Exercise requirements => Retype, word for word, every line starting at the line with "Cuisine ou kitchenette" and ending with the final line of the entries; skip the pictures.

*** Material to process ***

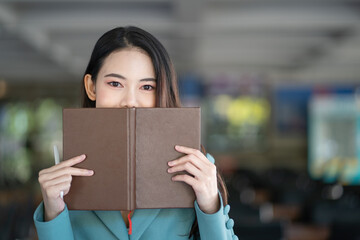 Attractive Asian female office reading a book in the office
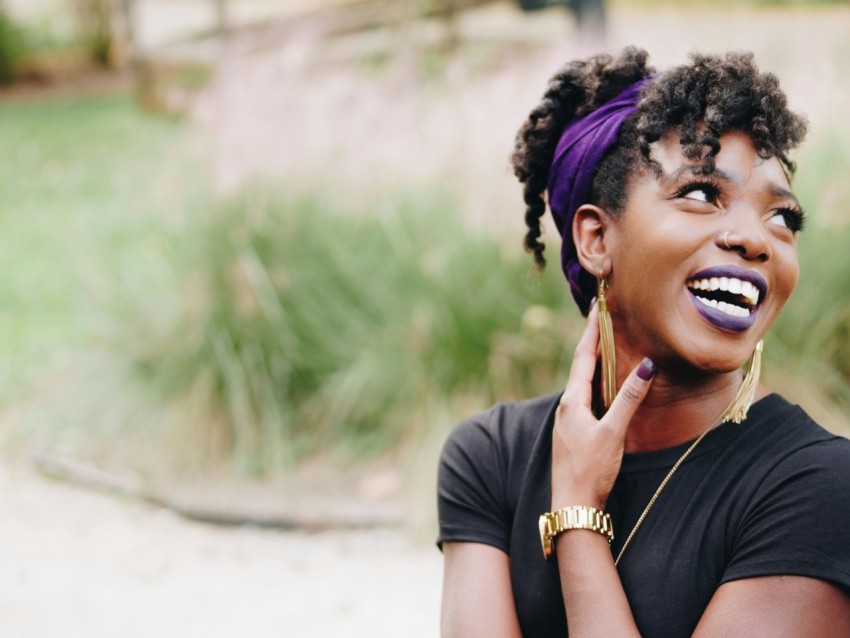 photo of woman wearing purple lipstick and black crew neck shirt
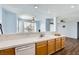 Bright kitchen featuring a double sink and white countertop with a view to the living room at 2325 Windmill Pkwy # 1313, Henderson, NV 89074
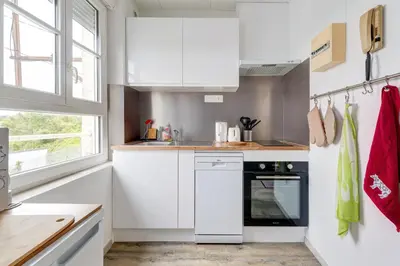 Cuisine ou kitchenette dans l'établissement Gîte de la Manufacture - Studio St-Gobain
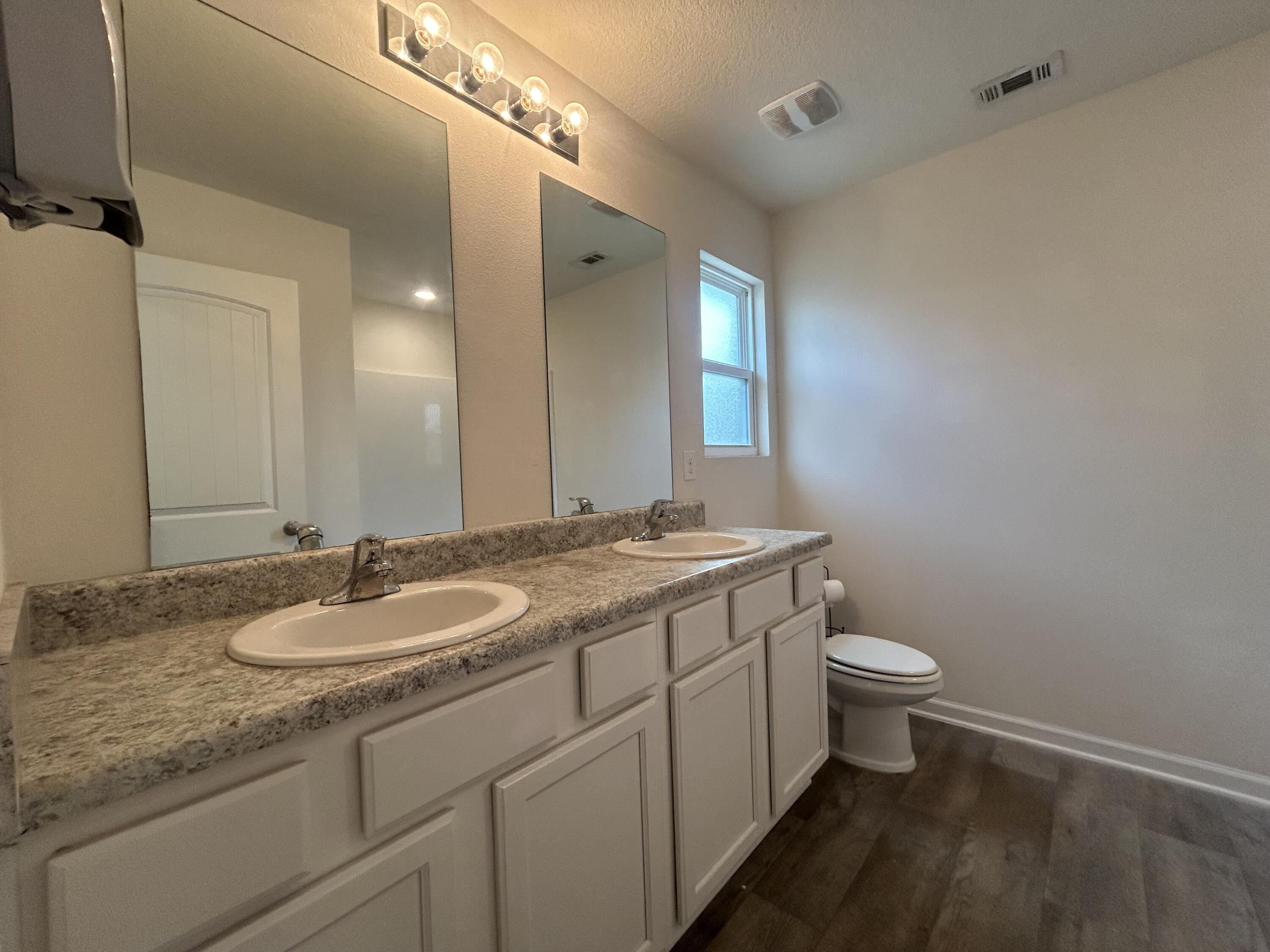 916 Merganser Way Crestview, FL 32539 - Photo 34 of 37 a bathroom with a granite countertop sink toilet and mirror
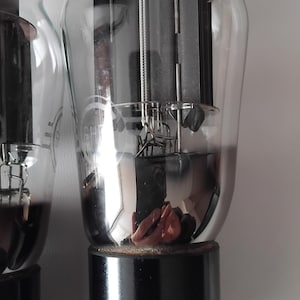 Puede incluir: Dos válvulas de vacío vintage con bombillas de vidrio transparente y bases negras. Los componentes internos son visibles, incluyendo estructuras metálicas y filamentos. Los tubos están diseñados para dispositivos electrónicos y tienen múltiples pines en la base.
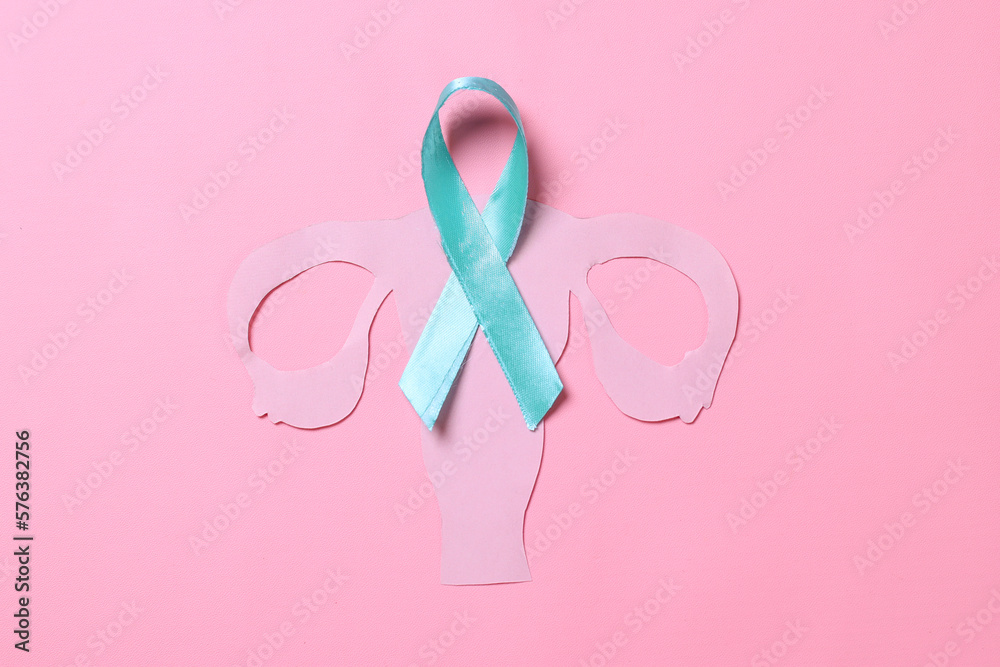 Teal awareness ribbon with cervix shape over pink background with copy space. Ovarian Cancer month, cervical cancer day. 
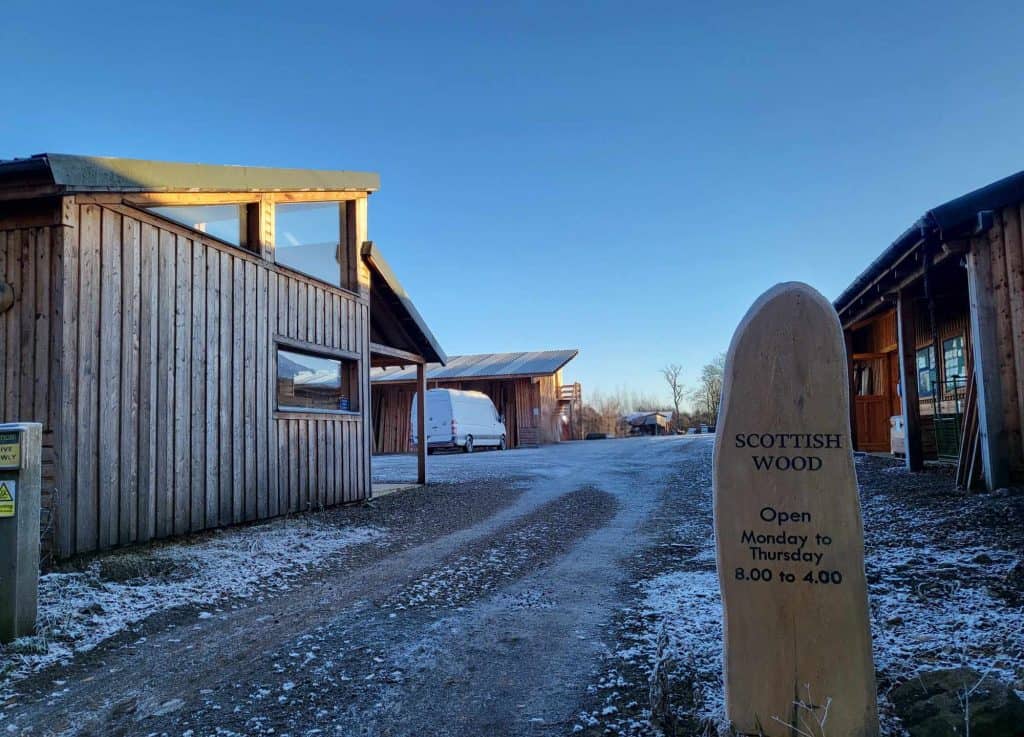 Winter photo of the entrance of the Scottish Wood yard with a bit of snow on the ground.
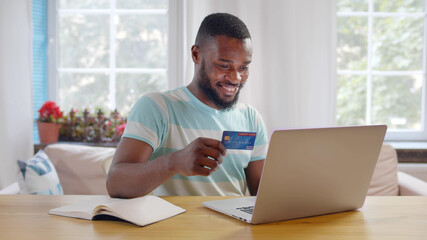 African young man using laptop and credit card paying bills online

***

Exercise answer =>
 Cuisine ou kitchenette dans l'établissement Gîte de la Manufacture - Studio St-Gobain
 916 Merganser Way Crestview, FL 32539 - Photo 34 of 37 a bathroom with a granite countertop sink toilet and mirror
 Puede incluir: Dos válvulas de vacío vintage con bombillas de vidrio transparente y bases negras. Los componentes internos son visibles, incluyendo estructuras metálicas y filamentos. Los tubos están diseñados para dispositivos electrónicos y tienen múltiples pines en la base.
 Teal awareness ribbon with cervix shape over pink background with copy space. Ovarian Cancer month, cervical cancer day. 
 Winter photo of the entrance of the Scottish Wood yard with a bit of snow on the ground.
 African young man using laptop and credit card paying bills online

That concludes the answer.